I have the following string:

str <- "add2AHJJK_GLX_KLKNKMEMa13"

How can I use R to extract "GLX" from it, the word between the underscores? In the example, there are exactly two underscores, not more.

User878239
  • 489
  • 3
  • 10
  • 1
    `sub(".*_(.*)_.*", "\\1", str)` – G5W Jun 07 '20 at 23:24
  • Is the string guaranteed to have exactly two non-adjacent underscores? I am wondering about `"J_KG_LX_KL"` (two matches?), `"JK__GLX_KL"` (one match or two matches, the first empty?), `"JK_KL"` (no match or an empty match?) and `"JKL"` (no match?). – Cary Swoveland Jun 08 '20 at 00:07
  • @CarySwoveland good point, I actually just realized there is another string with multiple underscores. That makes it more complicated I guess. There are however no cases with multiple underscores in a row ("__"). – User878239 Jun 08 '20 at 00:09
  • Since questions have been posted that assume there are exactly two underscores, perhaps you should edit to state that is the case, and then post a separate if you want to generalize. btw, this illustrates the ambiguity that often results when a question is expressed in terms of a single example. I believe questions should be expressed in words with examples used only for illustration. That's generally more difficult and time-consuming, but it's a skill demanded by the workplace. – Cary Swoveland Jun 08 '20 at 00:16
  • By defining unambiguous rules, you are well on the way to able to code the appropriate regex. – TonyR Jun 08 '20 at 04:04

3 Answers3

4

An option with gsub to match characters that are not a _ ([^_]*) from the start (^) of the string to the _ or (|) characters from _ to the rest and replace with blank ("")

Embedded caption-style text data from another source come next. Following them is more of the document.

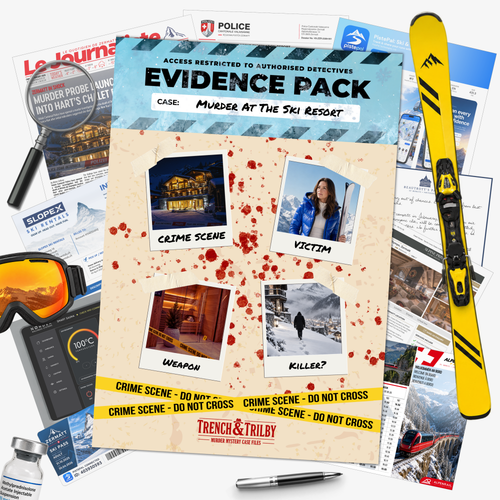 Murder at the Ski Resort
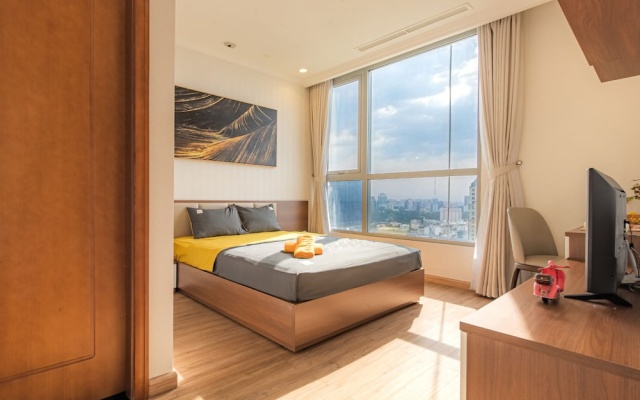 VINHOMES CENTRAL PARK - Saigon Apartment – Guest Rooms – Ho Chi Minh City
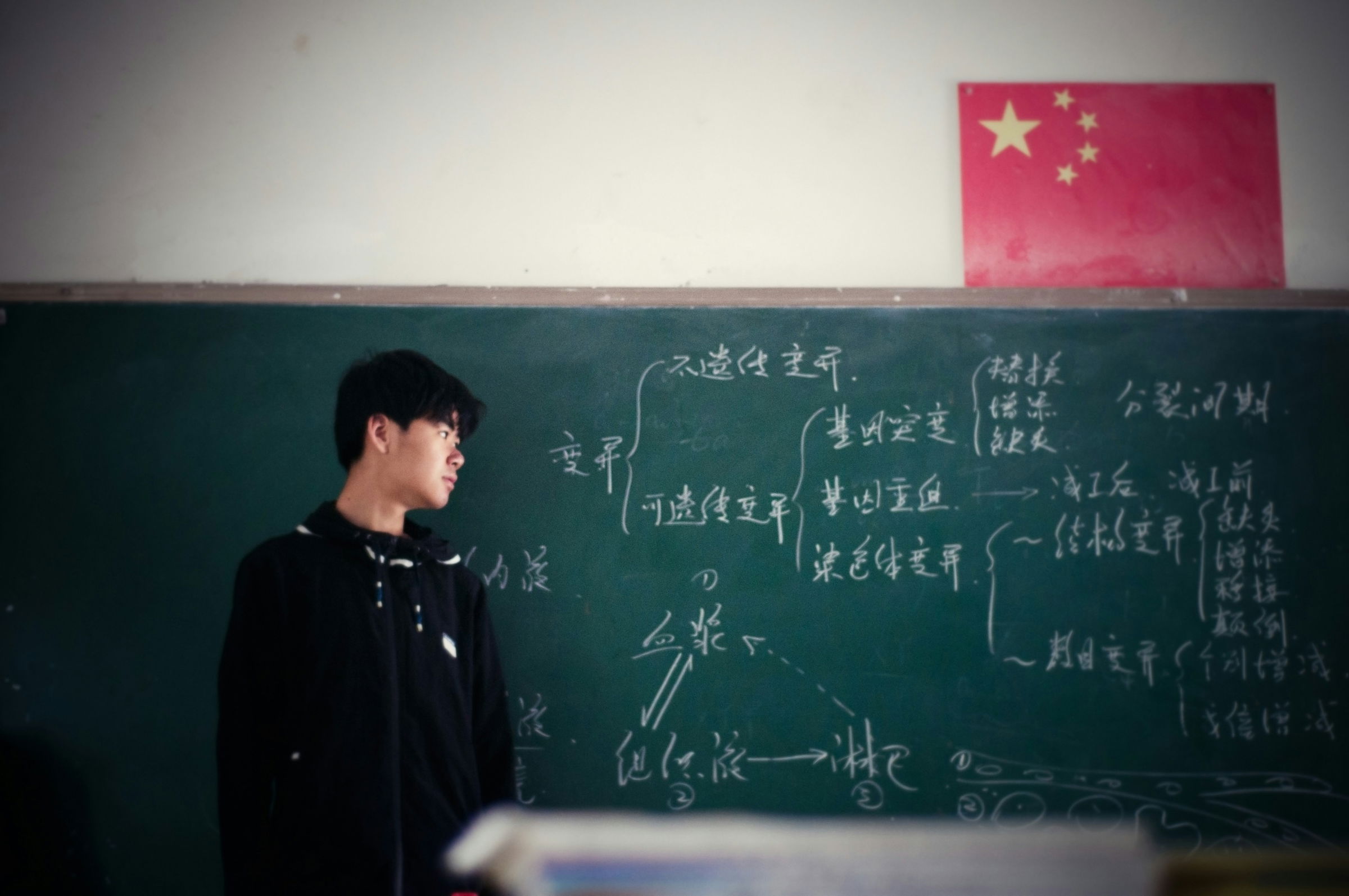 chinese classroom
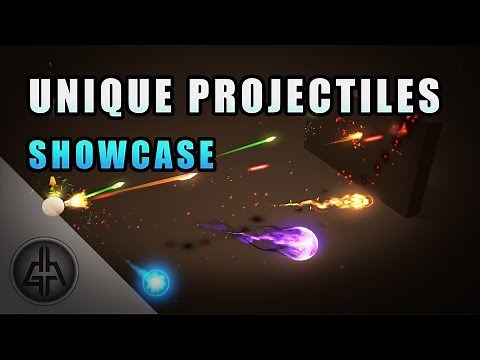 Unique Projectiles Volume 1 - Showcase
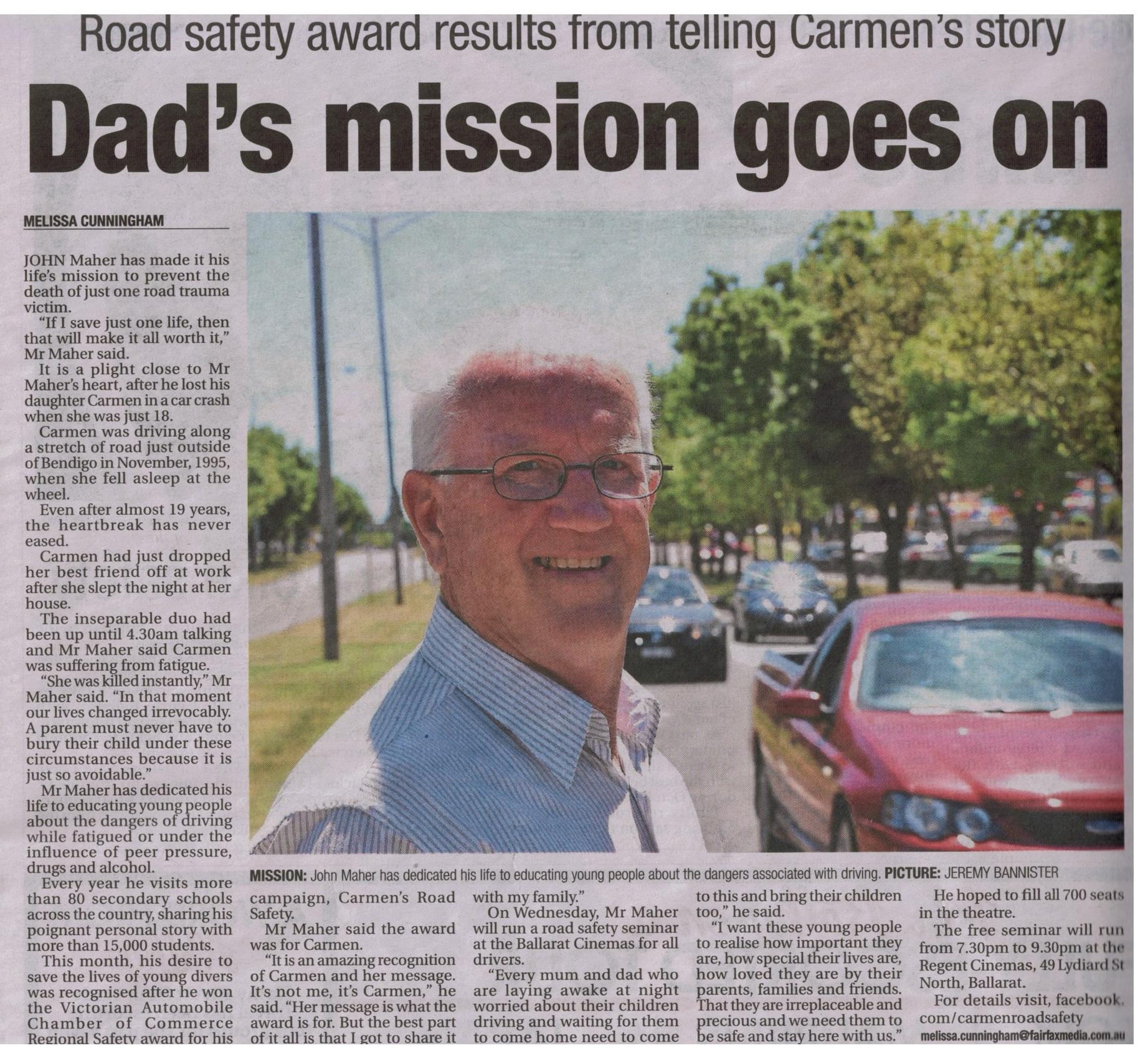 Carmen's Road Safety (Carmenroadsafet) Twitter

gsub("^[^_]*_|_.*", "", str)
#[1] "GLX"

Or another option is extraction with regexpr/regmatches

regmatches(str, regexpr('(?<=_)\\w+(?=_)', str, perl = TRUE))
#[1] "GLX"
akrun
  • 674,427
  • 24
  • 381
  • 486
2

If it's always just the middle of three parts between "_"s we can.

library(stringr)

str_split(str, "_", simplify = TRUE)[[2]]
[1] "GLX"
Chuck P
  • 3,541
  • 3
  • 6
  • 18
1

You can use sub to extract a word between underscores.

sub('.*_(\\w+)_.*', '\\1', str)
#[1] "GLX"

Or str_match :

stringr::str_match(str, '_(\\w+)_')[, 2]
Ronak Shah
  • 286,338
  • 16
  • 97
  • 143